His entertaining article first appeared in the Sunday Star Times on 13 September, 2009 and is reproduced here with their permission.
Bookman Beattie is presently reading the book and his review should appear later in the week.
But for now over to Mark:

How weird, and how embarrassing. Weird in that my book, In A Word, was months away from publication, yet it had been pre-listed on book websites in places like Estonia and Norway. Embarrassing in that once it began to appear I set up a Google Alert to tell me when the book, a reference work that aims to help writers of all stripes find the word they are looking for, was being mentioned afresh on the internet. The truth is, once you see the long tail of the internet twitching, you can't help but start watching for signs that it might strike in your direction.
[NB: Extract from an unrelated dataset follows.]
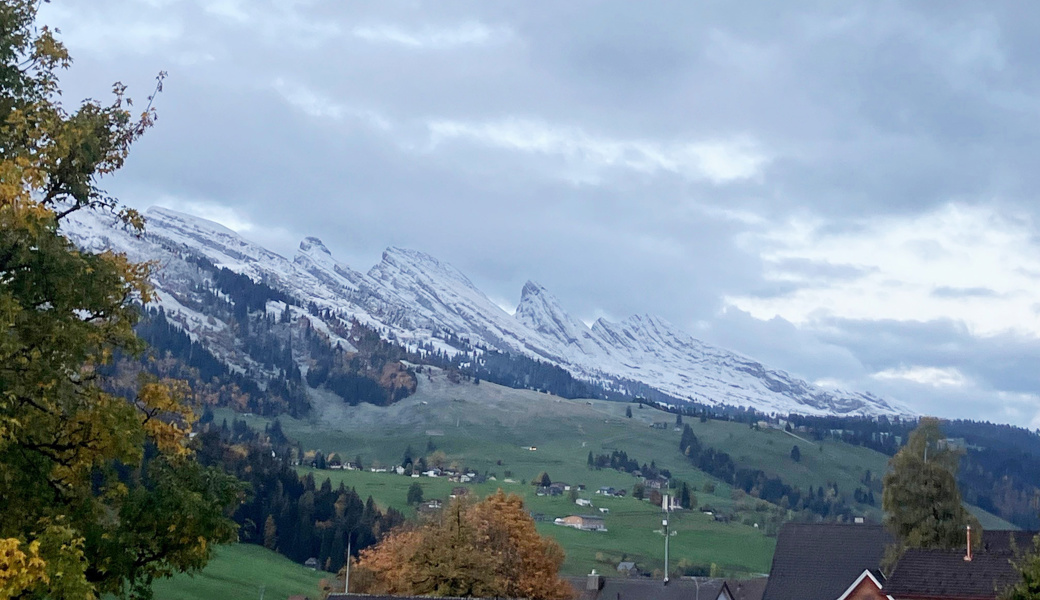 Die Churfirsten präsentieren sich am Donnerstagmorgen frisch verschneit.
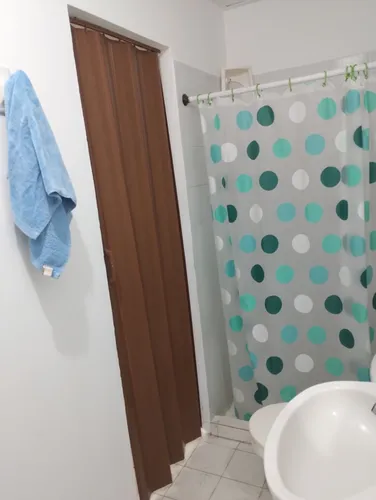 Arriendo Apartaestudio Con Servicios Incluidos.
And now I was to find out, having become books editor for the Star-Times several months after signing my contract, a little of what authors go through getting into print and beyond.

In May the final f was crossed and the last j was dotted on the manuscript. Apart from the odd phone call with a trace of angst (In a Word, p101), that was that. The proofs were proved. On a day off a couple of weeks later, I did the kind of squirm-worthy thing you do when you have been working on something for ages on your own and wonder if the world might be interested: I googled my name and the title of the book.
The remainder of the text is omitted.